Aquaculture plays an important part in reducing dependency on meat consumption and carbon footprints of human diets, and according to the World Bank, 62% of all seafood consumed will be farm raised by 2030*. Currently, about 70% of the world’s salmon production is farmed, and Norway is the leading producer of Atlantic salmon on a global scale. However, the growth in production volume is currently at a halt due to the environmental challenges of the industry, including salmon lice, escapees, nutrients discharge and diseases dispersed from the open net-pens sited in the coastal marine ecosystem. Consequently, the salmon industry must be innovative and transparent to improve its sustainability and public image, and both governmental and private initiatives can be used are drivers for innovation and sustainability in the industry.

AdobeStock_216273381_Norwegian fish farm_by Tania Zbrodko.jpeg
Photo: Adobe stock / Tania Zbrodko

Sustainable growth also depends on a knowledge based upscaling of the industry that takes into considering not only sustainability of growth but
considers this in synergy with competing interests, the entire value chain, and production systems that are not only located in more exposed areas, but also in closed systems located both in the sea and on land (land-based), in addition to the current production systems. As current regulations apply only to the conventional production systems, the industry calls for regulations and sites that are in sync with the technological and innovative developments in the industry.

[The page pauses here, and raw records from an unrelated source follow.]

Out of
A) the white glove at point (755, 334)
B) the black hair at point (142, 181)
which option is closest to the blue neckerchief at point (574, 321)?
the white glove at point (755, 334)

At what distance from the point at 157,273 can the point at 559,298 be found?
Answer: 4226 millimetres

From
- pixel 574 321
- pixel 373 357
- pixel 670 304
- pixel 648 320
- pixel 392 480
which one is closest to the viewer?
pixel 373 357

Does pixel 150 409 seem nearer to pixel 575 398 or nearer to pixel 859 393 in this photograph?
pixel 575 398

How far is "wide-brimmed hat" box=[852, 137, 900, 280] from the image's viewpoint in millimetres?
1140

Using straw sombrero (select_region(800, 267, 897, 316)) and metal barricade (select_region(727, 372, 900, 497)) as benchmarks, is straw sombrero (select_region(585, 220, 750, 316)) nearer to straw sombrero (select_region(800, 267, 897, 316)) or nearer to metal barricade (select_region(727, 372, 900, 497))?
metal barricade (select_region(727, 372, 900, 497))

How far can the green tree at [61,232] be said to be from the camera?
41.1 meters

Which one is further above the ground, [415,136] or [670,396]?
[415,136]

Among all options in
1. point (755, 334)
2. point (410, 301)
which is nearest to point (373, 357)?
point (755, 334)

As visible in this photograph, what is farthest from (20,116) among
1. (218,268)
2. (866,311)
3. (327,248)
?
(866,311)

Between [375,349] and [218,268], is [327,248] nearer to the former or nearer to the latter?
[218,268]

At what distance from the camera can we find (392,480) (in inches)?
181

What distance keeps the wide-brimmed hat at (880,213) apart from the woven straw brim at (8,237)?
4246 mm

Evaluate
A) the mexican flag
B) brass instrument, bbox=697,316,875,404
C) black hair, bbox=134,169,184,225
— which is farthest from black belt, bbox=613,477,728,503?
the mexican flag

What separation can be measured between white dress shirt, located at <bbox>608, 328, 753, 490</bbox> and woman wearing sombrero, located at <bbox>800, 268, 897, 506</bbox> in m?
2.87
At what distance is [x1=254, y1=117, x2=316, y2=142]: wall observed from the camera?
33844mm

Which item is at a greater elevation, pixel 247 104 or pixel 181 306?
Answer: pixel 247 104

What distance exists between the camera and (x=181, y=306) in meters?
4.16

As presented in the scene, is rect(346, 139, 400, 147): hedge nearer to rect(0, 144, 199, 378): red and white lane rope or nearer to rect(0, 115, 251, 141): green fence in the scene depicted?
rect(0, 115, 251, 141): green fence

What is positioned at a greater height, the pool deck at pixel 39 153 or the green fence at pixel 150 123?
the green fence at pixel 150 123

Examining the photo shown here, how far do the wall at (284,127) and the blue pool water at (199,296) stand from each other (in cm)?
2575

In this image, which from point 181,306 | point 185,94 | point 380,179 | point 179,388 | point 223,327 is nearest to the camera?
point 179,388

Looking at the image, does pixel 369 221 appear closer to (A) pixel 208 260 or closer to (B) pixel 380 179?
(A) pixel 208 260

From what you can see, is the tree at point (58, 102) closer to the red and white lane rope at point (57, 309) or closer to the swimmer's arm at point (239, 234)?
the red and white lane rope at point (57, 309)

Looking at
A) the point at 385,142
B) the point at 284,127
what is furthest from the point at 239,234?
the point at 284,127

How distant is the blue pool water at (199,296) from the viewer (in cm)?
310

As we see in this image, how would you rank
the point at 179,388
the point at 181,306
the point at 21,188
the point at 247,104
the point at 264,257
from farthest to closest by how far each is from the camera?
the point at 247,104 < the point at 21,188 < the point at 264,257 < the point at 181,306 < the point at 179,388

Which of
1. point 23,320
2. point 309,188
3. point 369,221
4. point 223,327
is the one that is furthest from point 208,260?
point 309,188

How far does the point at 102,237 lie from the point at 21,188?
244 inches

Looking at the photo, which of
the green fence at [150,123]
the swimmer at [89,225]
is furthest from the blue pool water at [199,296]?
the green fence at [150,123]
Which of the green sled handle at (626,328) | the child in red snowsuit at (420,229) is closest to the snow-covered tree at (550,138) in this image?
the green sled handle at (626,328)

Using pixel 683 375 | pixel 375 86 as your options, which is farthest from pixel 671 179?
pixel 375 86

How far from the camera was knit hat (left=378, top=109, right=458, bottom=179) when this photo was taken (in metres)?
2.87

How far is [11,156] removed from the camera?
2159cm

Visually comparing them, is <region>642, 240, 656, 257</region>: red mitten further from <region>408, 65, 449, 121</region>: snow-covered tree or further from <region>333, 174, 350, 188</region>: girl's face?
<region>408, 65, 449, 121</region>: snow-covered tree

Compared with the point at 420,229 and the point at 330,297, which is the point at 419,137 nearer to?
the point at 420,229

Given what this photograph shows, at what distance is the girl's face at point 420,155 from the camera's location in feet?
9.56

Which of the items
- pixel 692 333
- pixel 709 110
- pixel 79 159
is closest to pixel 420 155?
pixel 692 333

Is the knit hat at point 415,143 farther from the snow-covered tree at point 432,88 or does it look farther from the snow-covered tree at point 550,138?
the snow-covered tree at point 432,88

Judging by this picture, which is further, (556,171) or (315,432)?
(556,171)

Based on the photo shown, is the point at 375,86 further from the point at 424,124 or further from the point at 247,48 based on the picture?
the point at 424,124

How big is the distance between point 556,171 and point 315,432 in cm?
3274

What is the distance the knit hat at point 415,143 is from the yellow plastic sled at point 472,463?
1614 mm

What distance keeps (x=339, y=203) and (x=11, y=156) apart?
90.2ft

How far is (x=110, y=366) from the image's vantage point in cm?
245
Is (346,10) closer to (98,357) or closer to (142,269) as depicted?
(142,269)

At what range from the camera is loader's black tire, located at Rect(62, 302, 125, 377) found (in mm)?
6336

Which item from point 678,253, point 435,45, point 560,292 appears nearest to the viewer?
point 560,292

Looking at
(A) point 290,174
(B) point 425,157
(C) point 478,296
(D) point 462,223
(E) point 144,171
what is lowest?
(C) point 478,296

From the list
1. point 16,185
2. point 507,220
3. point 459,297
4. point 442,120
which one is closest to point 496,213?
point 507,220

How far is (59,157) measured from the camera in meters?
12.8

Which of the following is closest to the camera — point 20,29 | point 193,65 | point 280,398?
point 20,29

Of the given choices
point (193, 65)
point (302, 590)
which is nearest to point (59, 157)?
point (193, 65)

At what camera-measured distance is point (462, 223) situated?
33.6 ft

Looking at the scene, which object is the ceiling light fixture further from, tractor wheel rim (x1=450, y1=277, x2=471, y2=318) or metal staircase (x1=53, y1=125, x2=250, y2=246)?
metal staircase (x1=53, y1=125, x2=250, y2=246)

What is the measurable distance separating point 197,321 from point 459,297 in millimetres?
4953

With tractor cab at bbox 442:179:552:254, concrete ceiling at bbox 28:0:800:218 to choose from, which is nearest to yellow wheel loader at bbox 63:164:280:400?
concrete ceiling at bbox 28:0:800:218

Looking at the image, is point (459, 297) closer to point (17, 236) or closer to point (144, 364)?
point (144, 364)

The salmon industry involved in the development of the Compareit project, and other associated industry partners, argue that in order to achieve sustainable development environmentally as well as
economically and socially, the regulation of new production systems will require thorough knowledge and understanding of the challenges, opportunities and synergies perceived by the actors who are currently operating and developing them, and this is the objective of Compareit.

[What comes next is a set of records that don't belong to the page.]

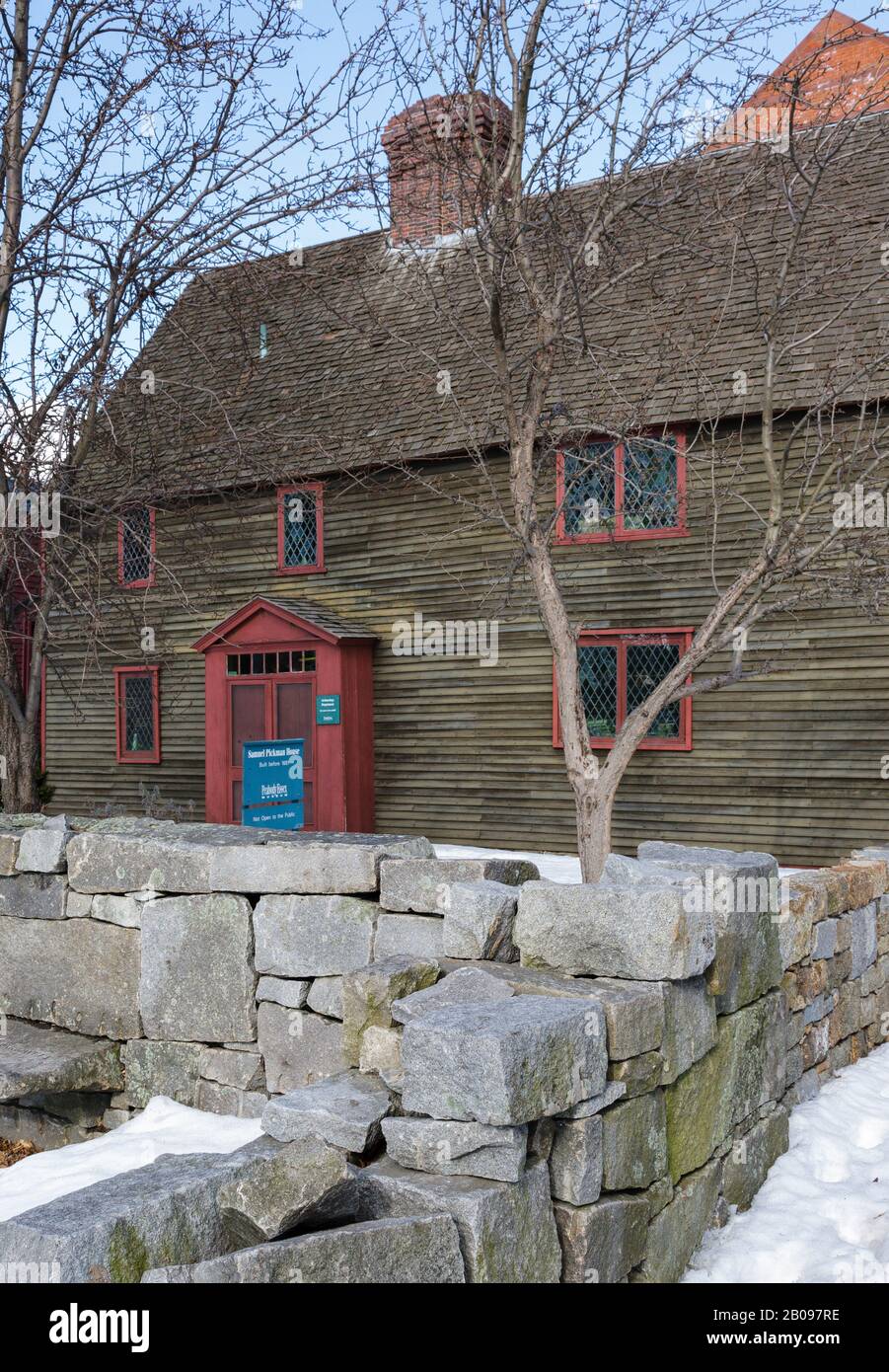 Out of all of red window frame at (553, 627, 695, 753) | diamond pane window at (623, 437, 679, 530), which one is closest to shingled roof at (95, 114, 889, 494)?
diamond pane window at (623, 437, 679, 530)

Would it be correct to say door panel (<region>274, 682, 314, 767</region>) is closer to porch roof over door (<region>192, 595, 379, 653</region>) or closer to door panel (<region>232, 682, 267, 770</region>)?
door panel (<region>232, 682, 267, 770</region>)

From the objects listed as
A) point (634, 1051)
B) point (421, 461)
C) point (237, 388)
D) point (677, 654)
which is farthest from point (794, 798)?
point (634, 1051)

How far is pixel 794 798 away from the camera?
12.4 m

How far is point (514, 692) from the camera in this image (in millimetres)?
14094

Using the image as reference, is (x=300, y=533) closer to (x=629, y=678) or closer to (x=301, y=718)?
(x=301, y=718)

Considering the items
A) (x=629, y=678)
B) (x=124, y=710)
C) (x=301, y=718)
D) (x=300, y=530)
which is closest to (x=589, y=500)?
(x=629, y=678)

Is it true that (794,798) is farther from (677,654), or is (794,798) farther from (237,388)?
(237,388)

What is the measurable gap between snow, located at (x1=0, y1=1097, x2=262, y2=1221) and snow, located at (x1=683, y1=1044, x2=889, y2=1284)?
80.7 inches

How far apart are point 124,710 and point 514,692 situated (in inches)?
265

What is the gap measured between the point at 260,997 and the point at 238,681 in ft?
33.2

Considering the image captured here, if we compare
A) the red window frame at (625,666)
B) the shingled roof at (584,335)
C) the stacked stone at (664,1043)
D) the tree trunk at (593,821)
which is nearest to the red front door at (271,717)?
the shingled roof at (584,335)

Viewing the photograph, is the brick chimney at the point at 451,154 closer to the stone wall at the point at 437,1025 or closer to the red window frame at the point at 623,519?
the red window frame at the point at 623,519

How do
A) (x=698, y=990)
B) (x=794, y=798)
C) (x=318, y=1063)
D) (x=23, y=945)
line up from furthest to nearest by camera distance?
(x=794, y=798), (x=23, y=945), (x=318, y=1063), (x=698, y=990)

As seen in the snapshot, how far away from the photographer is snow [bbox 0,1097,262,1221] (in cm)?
490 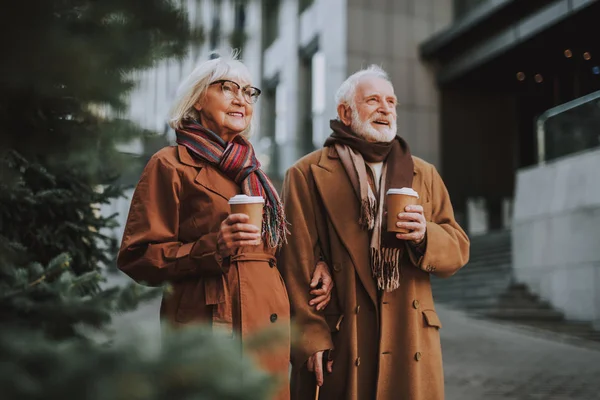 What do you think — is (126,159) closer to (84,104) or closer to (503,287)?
(84,104)

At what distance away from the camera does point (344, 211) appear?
3650 mm

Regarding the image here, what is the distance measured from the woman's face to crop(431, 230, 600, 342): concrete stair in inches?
312

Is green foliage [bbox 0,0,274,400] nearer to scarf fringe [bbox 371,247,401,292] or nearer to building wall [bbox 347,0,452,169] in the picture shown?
scarf fringe [bbox 371,247,401,292]

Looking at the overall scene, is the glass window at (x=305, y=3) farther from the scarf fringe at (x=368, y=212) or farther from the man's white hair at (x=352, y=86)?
the man's white hair at (x=352, y=86)

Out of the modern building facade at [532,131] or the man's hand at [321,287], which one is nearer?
the man's hand at [321,287]

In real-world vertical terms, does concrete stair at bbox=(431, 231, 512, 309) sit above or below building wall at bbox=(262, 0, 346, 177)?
below

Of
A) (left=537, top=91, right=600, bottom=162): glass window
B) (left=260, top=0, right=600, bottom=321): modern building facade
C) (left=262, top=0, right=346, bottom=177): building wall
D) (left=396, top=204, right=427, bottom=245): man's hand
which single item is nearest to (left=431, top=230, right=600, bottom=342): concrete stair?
(left=260, top=0, right=600, bottom=321): modern building facade

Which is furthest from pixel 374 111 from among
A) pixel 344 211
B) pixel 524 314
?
pixel 524 314

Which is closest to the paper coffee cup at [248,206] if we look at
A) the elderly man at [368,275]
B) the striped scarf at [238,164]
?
the striped scarf at [238,164]

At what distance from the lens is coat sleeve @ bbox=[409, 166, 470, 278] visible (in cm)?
338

The following secondary objectives support and reinforce the primary objective:

  • Provide knowledge of regulatory and spatial needs related to the diversification of aquaculture production systems based on industry actor and stakeholder perceptions; 
  • Generate a reliable and user-friendly methodology for comparing the potentials of different production systems from socio-political and economic perspectives; 
  • Explore how different future scenarios can affect regulatory processes at different levels of analysis and what adaptation avenues are available to alleviate pressures; 
  • Explore the value chain structures arising from the new production systems including the main flows of material, money and information; and behaviours and interdependencies of the main actors and stakeholders; 
  • Create increased understanding of the consumers' willingness to pay for private vs. public certification schemes of different production systems; and
  • Ensure an  integrated  transdisciplinary  project,  where  industry  actors,  stakeholders  and  researchers  coproduce new knowledge that ensure more reliable and legitimized policy action.